Extracted information:
---------------

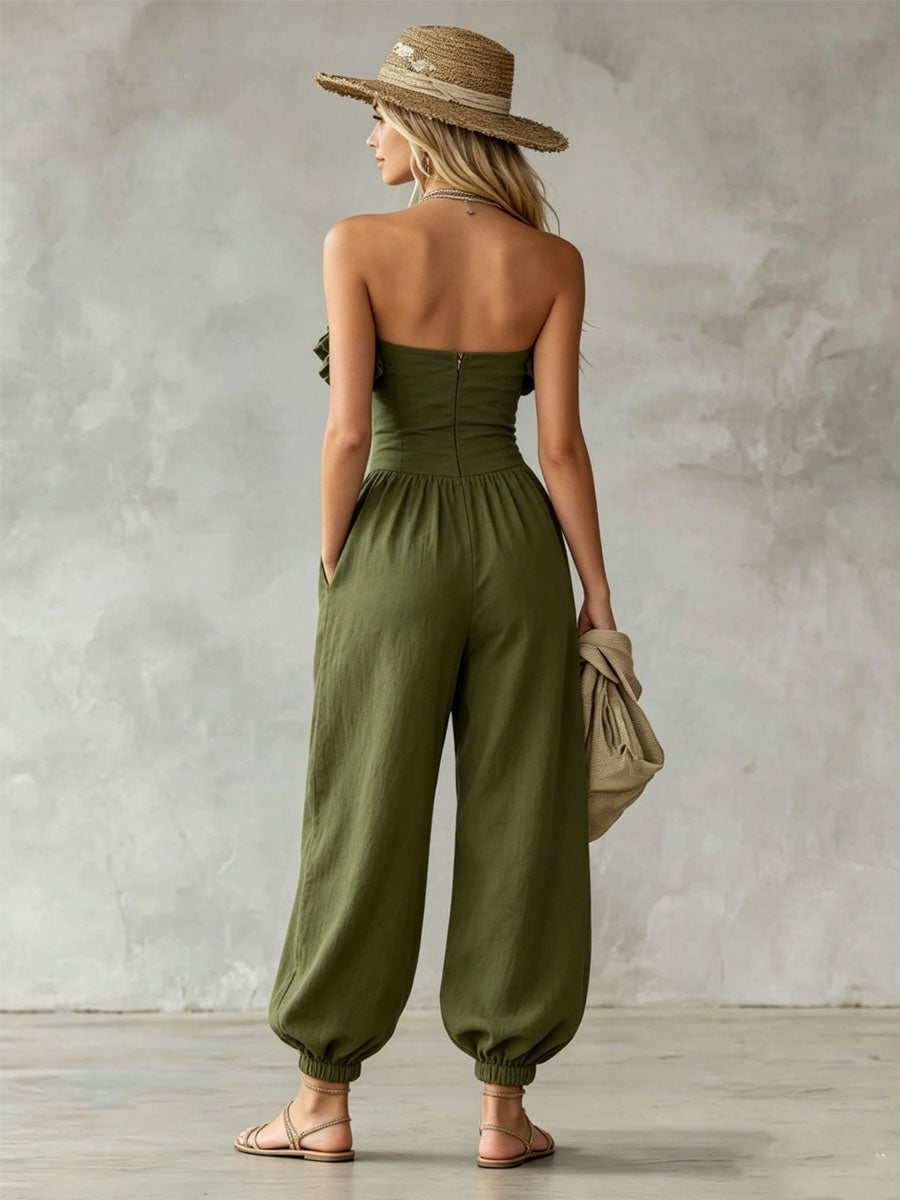 Solid Color Ruffled Sleeveless Cotton Linen Jumpsuit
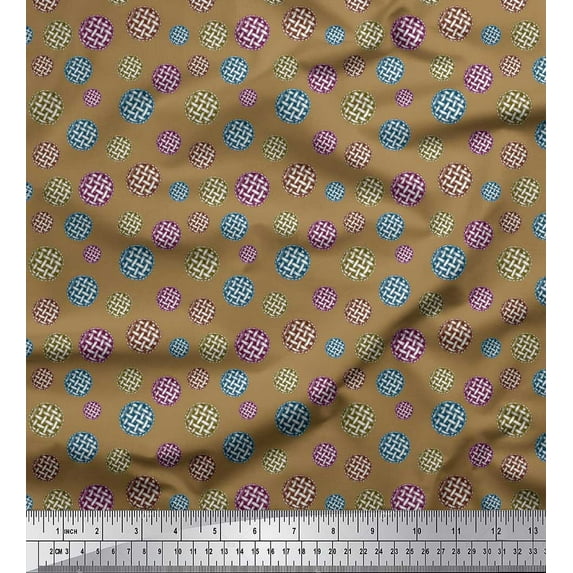 Soimoi Brown Heavy Satin Fabric Pie Food Print Fabric by Yard 54 Inch Wide
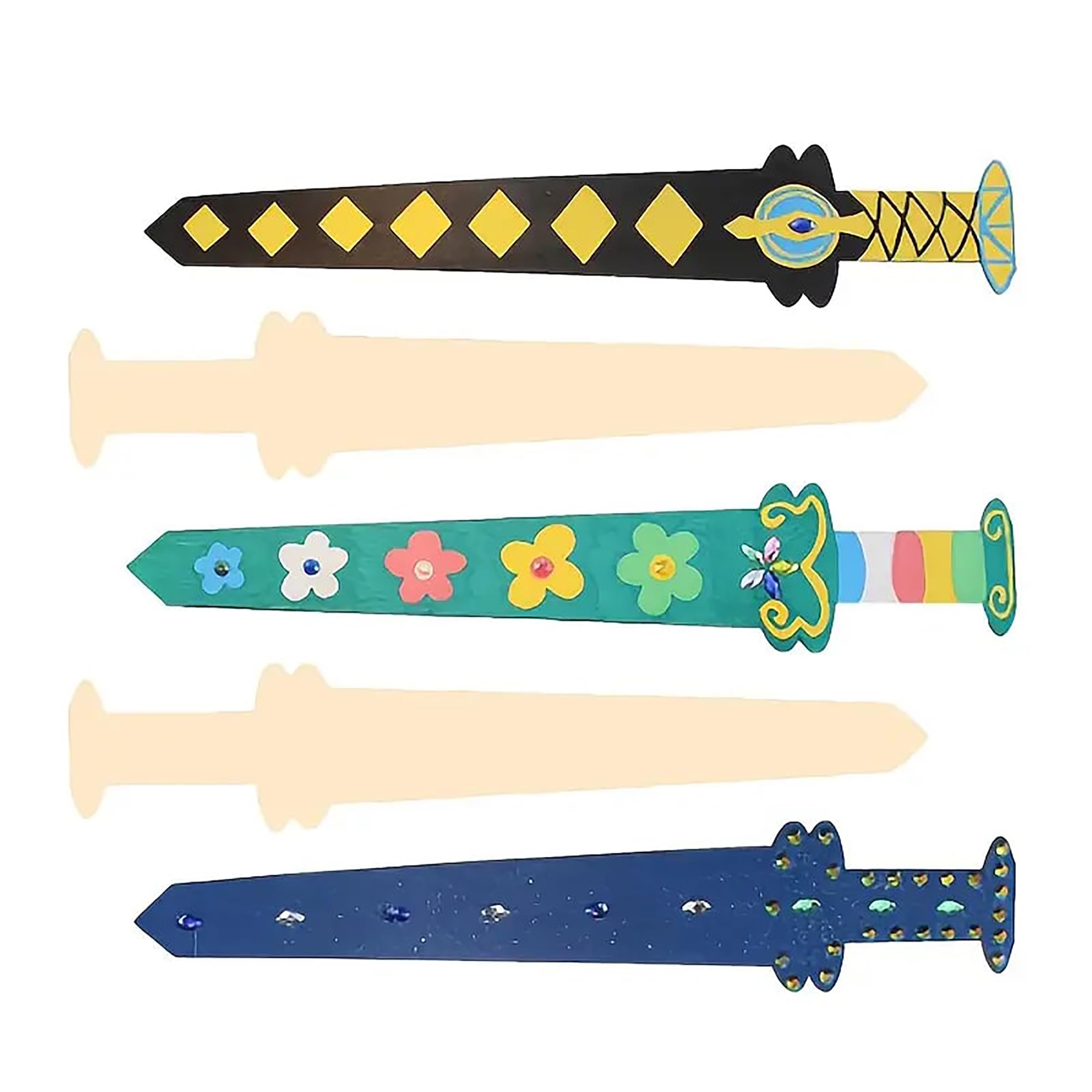 Paintable wooden toy sword blanks for creative play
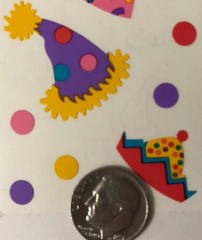 PARTY HATS Stickers(10pc)Mrs.Grossman’s •Birthday•Confetti•Dot•Clown•Celebration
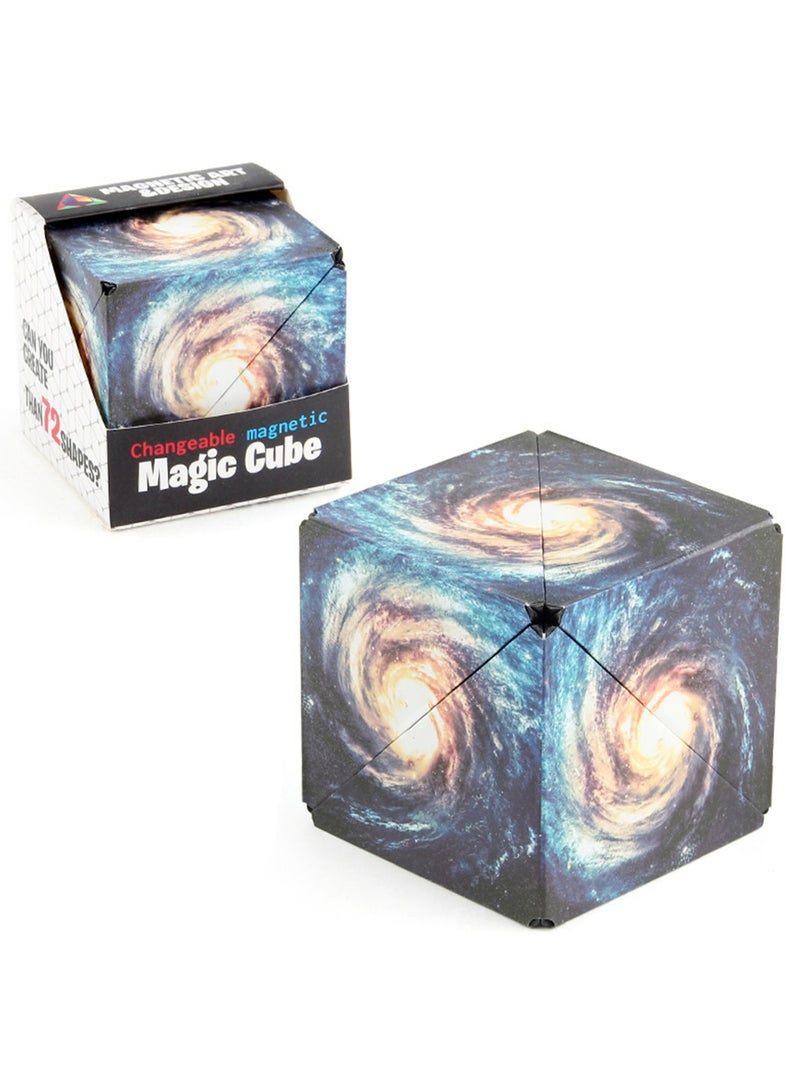 Geometric Three-Dimensional Magnetic Wooden Magic Cube Toy 3d Magnetic Building Blocks Decompression Infinite Flip (Galaxy Cube) - Image 1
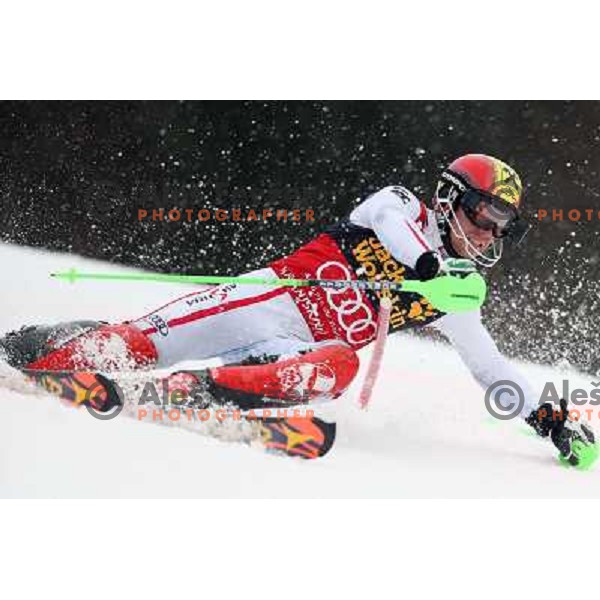 Marcel Hirscher (AUT) skiing in first run of AUDI FIS Ski World Cup Slalom for 52.Vitranc Cup in Kranjska gora, Slovenia on March 10, 2013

---------------

Directions for this task: Using the records above, repeat exactly the run of lines that starts with the line with "PARTY HATS Stickers(10pc)Mrs.Grossman’s" and goes on through the line with "Geometric Three-Dimensional Magnetic"; omit each picture.

Solution below:
 PARTY HATS Stickers(10pc)Mrs.Grossman’s •Birthday•Confetti•Dot•Clown•Celebration
 Geometric Three-Dimensional Magnetic Wooden Magic Cube Toy 3d Magnetic Building Blocks Decompression Infinite Flip (Galaxy Cube) - Image 1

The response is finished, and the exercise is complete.